Please copy exactly the part of the records below that opens with the line containing "yogurt breakfast with banana and walnuts" and closes with the line containing "Фейерверк на празднике", leaving out any pictures.

Captioned web image data:
==========

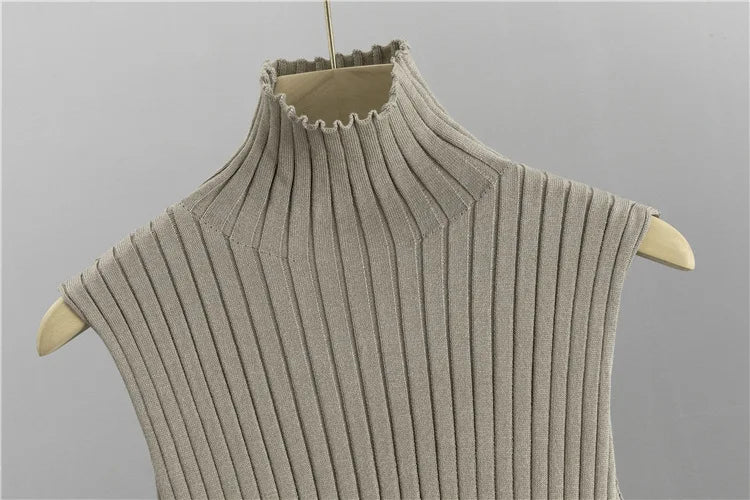 Gezellige gebreide 3-delige set met coltrui, gilet en vest van Lurelle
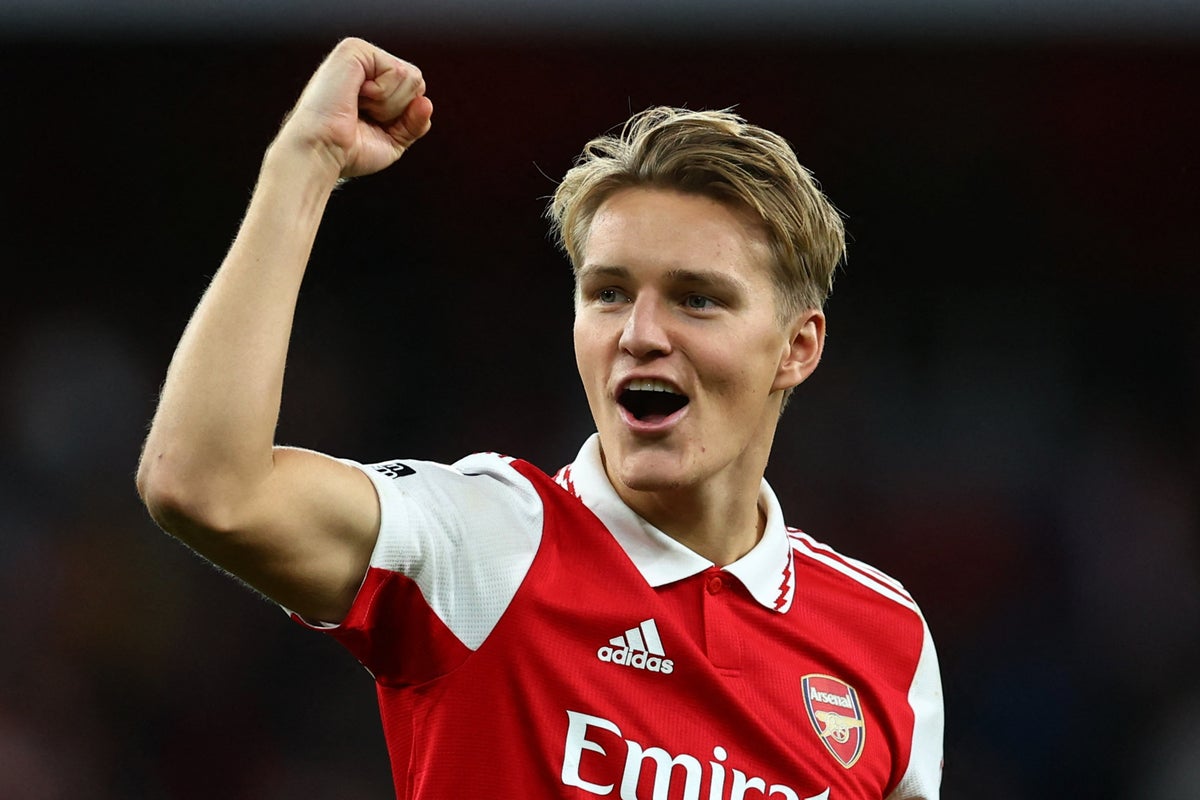 Martin Odegaard 'ngạc nhiên' trước giải thưởng 'siêu thực' sau phong độ ấn tượng cho Arsenal và Na Uy | Tiêu chuẩn buổi tối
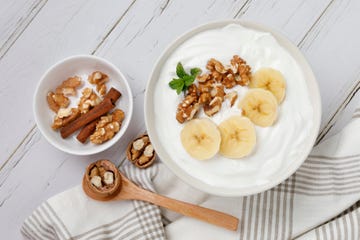 yogurt breakfast with banana and walnuts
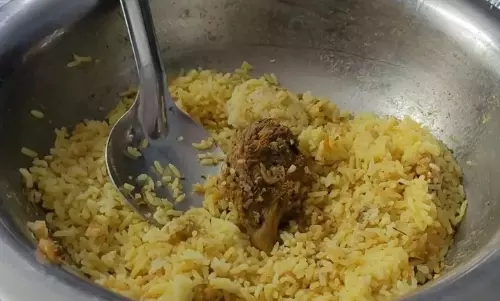 ബിരിയാണിയില്‍ കോഴിത്തല; ഹോട്ടല്‍ പൂട്ടിച്ച് ഭക്ഷ്യസുരക്ഷ വകുപ്പ്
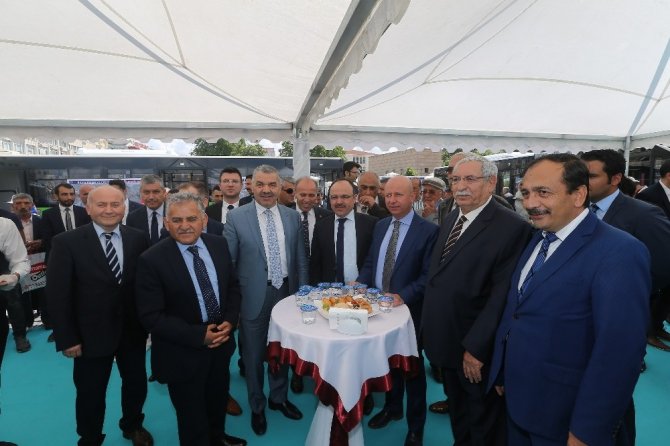 Büyükşehir'e 25 METRELİK ELEKTRİKLİ OTOBÜSLER GELİYOR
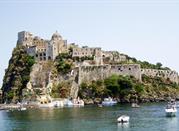 Castello Aragonese visto dal basso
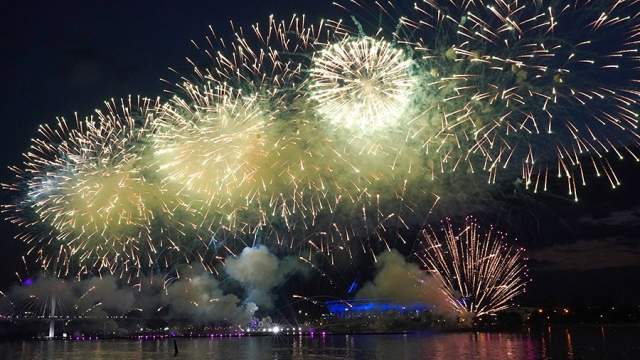 Фейерверк на празднике выпускников «Алые Паруса»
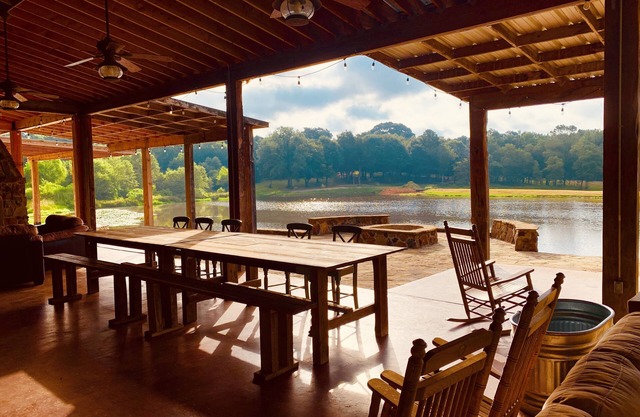 Silver Star Ranch and Private Lake Getaway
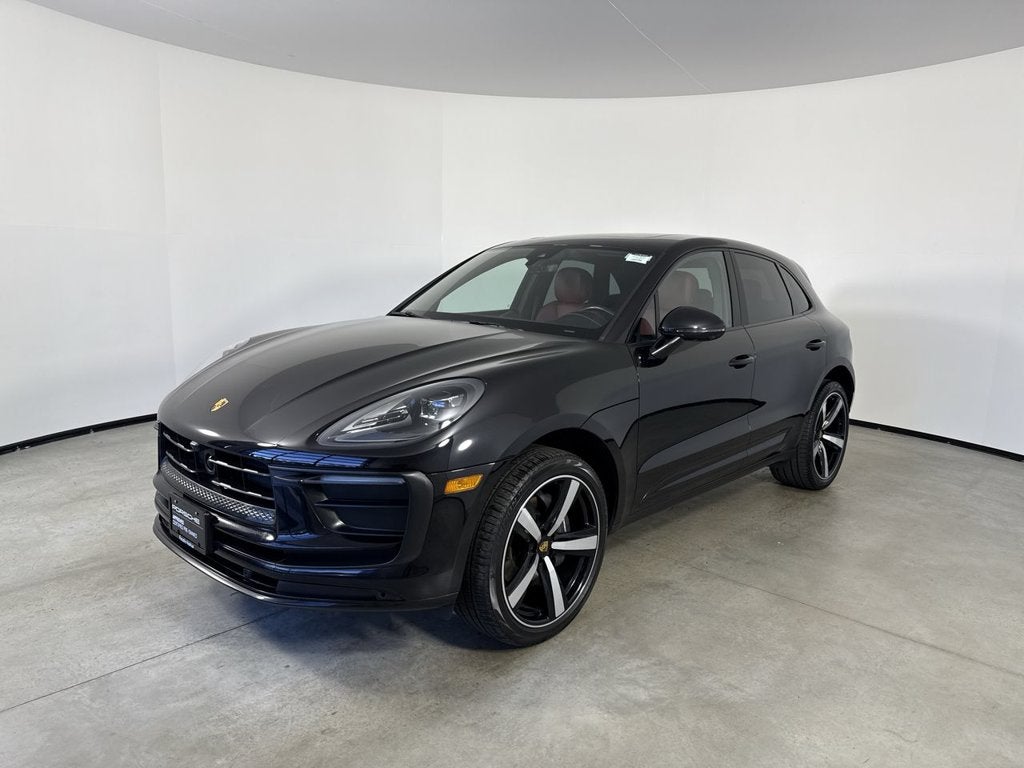 2023 Porsche Macan AWD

==========

ANSWER SECTION:
 yogurt breakfast with banana and walnuts
 ബിരിയാണിയില്‍ കോഴിത്തല; ഹോട്ടല്‍ പൂട്ടിച്ച് ഭക്ഷ്യസുരക്ഷ വകുപ്പ്
 Büyükşehir'e 25 METRELİK ELEKTRİKLİ OTOBÜSLER GELİYOR
 Castello Aragonese visto dal basso
 Фейерверк на празднике выпускников «Алые Паруса»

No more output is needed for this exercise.